WHAT IS BEING ASKED
In the records below, the line with "Louis Vuitton Replica" opens the range and the line with "前面道路（昌平橋通り方面）" closes it; print that range exactly and nothing else.

EXERCISE MATERIAL

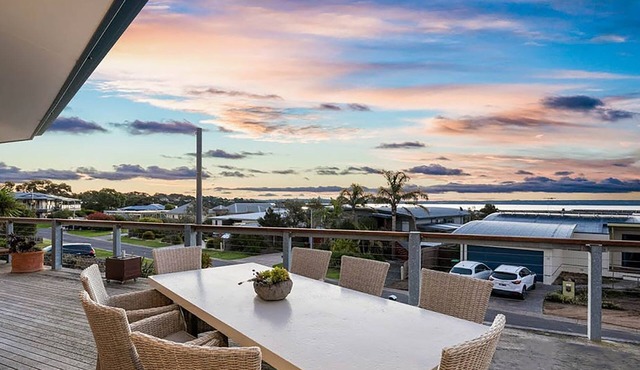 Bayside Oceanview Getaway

--

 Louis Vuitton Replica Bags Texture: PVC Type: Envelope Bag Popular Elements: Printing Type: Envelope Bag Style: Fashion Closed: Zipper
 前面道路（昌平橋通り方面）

---

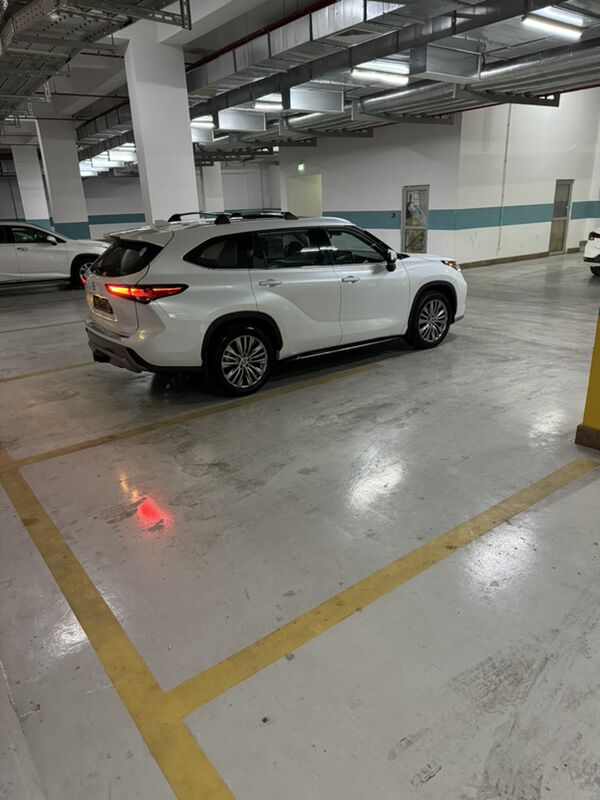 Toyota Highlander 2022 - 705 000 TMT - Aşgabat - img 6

COMPLETED EXERCISE
 Louis Vuitton Replica Bags Texture: PVC Type: Envelope Bag Popular Elements: Printing Type: Envelope Bag Style: Fashion Closed: Zipper
 前面道路（昌平橋通り方面）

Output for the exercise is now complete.